Soumis par Philippe St-Germain le 26/01/2017
Catégories: Fiction, Bande dessinée

 

Dans la première partie de cette étude du passage de Charles Soule sur Swamp Thing, il a surtout été question de la première longue histoire mettant aux prises Swamp Thing et Seeder (#19 à 27); j’ai insisté sur le dialogue sous-jacent avec l’ère d’Alan Moore grâce, notamment, à la reconsidération (puis à la destruction) du parlement des arbres. Ce dialogue se poursuivra ici, avec un accent marqué sur des éléments que l’on pourrait qualifier de «postmodernes», dans l’histoire du personnage et des comic books: les états de conscience démultipliés et la métafiction.

 

Aventures perceptuelles

Si les débuts de Swamp Thing proposaient déjà une double conscience (humaine/végétale), la série —surtout depuis le passage d’Alan Moore sur le titre— a généralement fait la part belle aux états de conscience altérés, qu’ils soient ceux du personnage titre ou ceux de ses proches. Moore a notamment fait pousser sur le corps de Swamp Thing un légume aux propriétés frappantes: une fois ingéré, il permet à son consommateur de sortir de sa propre conscience pour participer à la réalité de Swamp Thing en tant qu’avatar du Vert. Dans le numéro intitulé «Rite of Spring» (#34, mars 1985), sa compagne (humaine) Abigail Arcane mange l’aliment et elle vit une expérience troublante de communion (qui peut être considérée sur plusieurs plans: mystique, sexuelle, etc.). Le successeur immédiat de Moore, Rick Veitch (qui a aussi participé à plusieurs des numéros de Moore en tant que dessinateur), a poussé encore plus loin ces développements lorsqu’il est devenu l’auteur et dessinateur de la série de 1987 à 1989, proposant des histoires au lourd héritage hippie1.

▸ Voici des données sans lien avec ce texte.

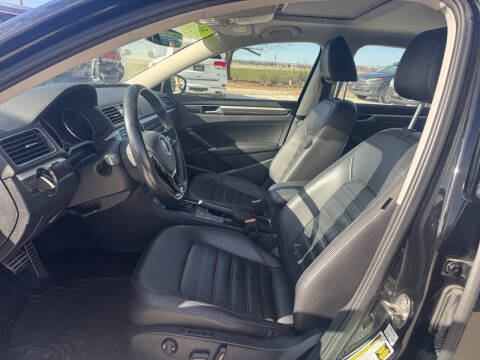 2016 Volkswagen Passat 1.8T SEL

Les histoires de Charles Soule ne sont pas en reste et exploitent plusieurs fois ce thème. Le #20 s’ouvre sur un vaste délire de Holland, soumis au gaz hallucinogène de Scarecrow; ce délire est éprouvé de manière intime (un de ses rêves est illustré en deux segments), mais le rapport du personnage au Vert occasionne des répercussions spectaculaires sur la nature, des plantes étranges gagnant progressivement Metropolis (Superman lui-même devra mettre un terme à la menace). Quelques numéros plus tard, tandis qu’il est condamné à une retraite dans le Vert pendant que Seeder en est l’avatar, Holland se voit offrir par Wolf un fruit qui le fera dormir et rêver —il préfère toutefois le refuser et conserver l’espoir de regagner son monde, plutôt que se perdre dans le Vert. Ce pragmatisme fait écho à sa décision de détruire l’oasis que Seeder avait créée dans l’enthousiasme.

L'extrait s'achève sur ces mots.